---- Source material
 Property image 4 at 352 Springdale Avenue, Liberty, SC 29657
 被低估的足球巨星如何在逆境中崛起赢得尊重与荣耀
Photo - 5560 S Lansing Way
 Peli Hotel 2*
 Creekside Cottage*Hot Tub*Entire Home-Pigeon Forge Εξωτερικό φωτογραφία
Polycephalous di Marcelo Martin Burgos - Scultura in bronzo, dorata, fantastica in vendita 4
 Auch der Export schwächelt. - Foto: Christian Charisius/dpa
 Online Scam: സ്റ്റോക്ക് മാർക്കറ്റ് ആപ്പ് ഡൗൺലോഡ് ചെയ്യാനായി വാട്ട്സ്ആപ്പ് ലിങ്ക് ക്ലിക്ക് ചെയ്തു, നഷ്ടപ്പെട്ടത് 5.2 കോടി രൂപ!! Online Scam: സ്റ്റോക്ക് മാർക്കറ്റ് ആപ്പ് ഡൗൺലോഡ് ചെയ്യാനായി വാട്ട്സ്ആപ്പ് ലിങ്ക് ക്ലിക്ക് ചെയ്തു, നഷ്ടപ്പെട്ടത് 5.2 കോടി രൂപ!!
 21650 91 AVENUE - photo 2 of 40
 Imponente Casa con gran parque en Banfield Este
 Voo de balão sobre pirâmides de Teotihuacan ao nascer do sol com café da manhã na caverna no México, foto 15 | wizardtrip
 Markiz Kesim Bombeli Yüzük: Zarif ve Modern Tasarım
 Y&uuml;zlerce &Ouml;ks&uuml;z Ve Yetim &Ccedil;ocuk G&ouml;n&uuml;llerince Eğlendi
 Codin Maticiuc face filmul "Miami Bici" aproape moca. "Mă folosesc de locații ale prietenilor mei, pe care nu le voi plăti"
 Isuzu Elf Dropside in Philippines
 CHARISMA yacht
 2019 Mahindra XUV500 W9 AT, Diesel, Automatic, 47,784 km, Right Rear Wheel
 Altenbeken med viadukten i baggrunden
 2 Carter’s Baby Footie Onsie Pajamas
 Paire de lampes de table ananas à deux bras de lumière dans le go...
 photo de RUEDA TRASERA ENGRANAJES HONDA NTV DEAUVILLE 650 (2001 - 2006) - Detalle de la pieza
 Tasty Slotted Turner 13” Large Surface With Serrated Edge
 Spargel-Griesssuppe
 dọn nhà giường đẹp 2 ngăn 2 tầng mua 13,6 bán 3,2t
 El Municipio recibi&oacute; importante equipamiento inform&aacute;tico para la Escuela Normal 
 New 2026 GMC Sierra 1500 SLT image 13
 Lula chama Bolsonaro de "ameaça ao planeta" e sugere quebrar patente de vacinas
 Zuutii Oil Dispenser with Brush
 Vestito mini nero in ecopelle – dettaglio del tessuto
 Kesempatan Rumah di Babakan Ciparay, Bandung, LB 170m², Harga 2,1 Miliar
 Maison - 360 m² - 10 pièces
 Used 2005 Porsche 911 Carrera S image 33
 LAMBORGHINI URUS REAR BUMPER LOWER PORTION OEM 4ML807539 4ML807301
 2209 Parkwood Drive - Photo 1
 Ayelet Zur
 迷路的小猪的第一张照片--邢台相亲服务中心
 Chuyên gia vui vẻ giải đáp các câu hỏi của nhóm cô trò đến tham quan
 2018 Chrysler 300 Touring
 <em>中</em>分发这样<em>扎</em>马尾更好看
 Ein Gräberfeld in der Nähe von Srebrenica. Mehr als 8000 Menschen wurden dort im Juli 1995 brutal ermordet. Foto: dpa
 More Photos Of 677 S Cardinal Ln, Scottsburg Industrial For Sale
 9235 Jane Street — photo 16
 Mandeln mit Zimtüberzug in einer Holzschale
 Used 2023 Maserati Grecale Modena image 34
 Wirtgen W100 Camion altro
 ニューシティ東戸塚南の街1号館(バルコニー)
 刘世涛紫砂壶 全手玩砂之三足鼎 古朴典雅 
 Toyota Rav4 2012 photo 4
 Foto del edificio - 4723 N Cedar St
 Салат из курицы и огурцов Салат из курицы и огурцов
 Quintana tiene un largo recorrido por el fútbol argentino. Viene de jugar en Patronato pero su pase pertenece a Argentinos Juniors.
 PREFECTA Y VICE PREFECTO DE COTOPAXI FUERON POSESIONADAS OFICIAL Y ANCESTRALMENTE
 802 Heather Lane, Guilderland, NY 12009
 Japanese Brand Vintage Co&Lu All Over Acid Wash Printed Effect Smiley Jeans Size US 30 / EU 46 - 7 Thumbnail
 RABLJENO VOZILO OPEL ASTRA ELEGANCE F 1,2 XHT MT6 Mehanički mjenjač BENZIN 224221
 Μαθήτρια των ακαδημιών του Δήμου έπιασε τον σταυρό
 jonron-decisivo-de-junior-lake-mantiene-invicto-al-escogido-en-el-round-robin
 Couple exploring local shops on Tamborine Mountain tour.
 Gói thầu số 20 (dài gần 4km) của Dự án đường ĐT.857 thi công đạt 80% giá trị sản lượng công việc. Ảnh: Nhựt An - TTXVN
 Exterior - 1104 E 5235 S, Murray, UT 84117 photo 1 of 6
--------
Given the records above, return exactly the lines starting at the line containing "Zuutii Oil Dispenser with Brush" and ending at the line containing "Μαθήτρια των ακαδημιών", including both.

**Response for this exercise**
 Zuutii Oil Dispenser with Brush
 Vestito mini nero in ecopelle – dettaglio del tessuto
 Kesempatan Rumah di Babakan Ciparay, Bandung, LB 170m², Harga 2,1 Miliar
 Maison - 360 m² - 10 pièces
 Used 2005 Porsche 911 Carrera S image 33
 LAMBORGHINI URUS REAR BUMPER LOWER PORTION OEM 4ML807539 4ML807301
 2209 Parkwood Drive - Photo 1
 Ayelet Zur
 迷路的小猪的第一张照片--邢台相亲服务中心
 Chuyên gia vui vẻ giải đáp các câu hỏi của nhóm cô trò đến tham quan
 2018 Chrysler 300 Touring
 <em>中</em>分发这样<em>扎</em>马尾更好看
 Ein Gräberfeld in der Nähe von Srebrenica. Mehr als 8000 Menschen wurden dort im Juli 1995 brutal ermordet. Foto: dpa
 More Photos Of 677 S Cardinal Ln, Scottsburg Industrial For Sale
 9235 Jane Street — photo 16
 Mandeln mit Zimtüberzug in einer Holzschale
 Used 2023 Maserati Grecale Modena image 34
 Wirtgen W100 Camion altro
 ニューシティ東戸塚南の街1号館(バルコニー)
 刘世涛紫砂壶 全手玩砂之三足鼎 古朴典雅 
 Toyota Rav4 2012 photo 4
 Foto del edificio - 4723 N Cedar St
 Салат из курицы и огурцов Салат из курицы и огурцов
 Quintana tiene un largo recorrido por el fútbol argentino. Viene de jugar en Patronato pero su pase pertenece a Argentinos Juniors.
 PREFECTA Y VICE PREFECTO DE COTOPAXI FUERON POSESIONADAS OFICIAL Y ANCESTRALMENTE
 802 Heather Lane, Guilderland, NY 12009
 Japanese Brand Vintage Co&Lu All Over Acid Wash Printed Effect Smiley Jeans Size US 30 / EU 46 - 7 Thumbnail
 RABLJENO VOZILO OPEL ASTRA ELEGANCE F 1,2 XHT MT6 Mehanički mjenjač BENZIN 224221
 Μαθήτρια των ακαδημιών του Δήμου έπιασε τον σταυρό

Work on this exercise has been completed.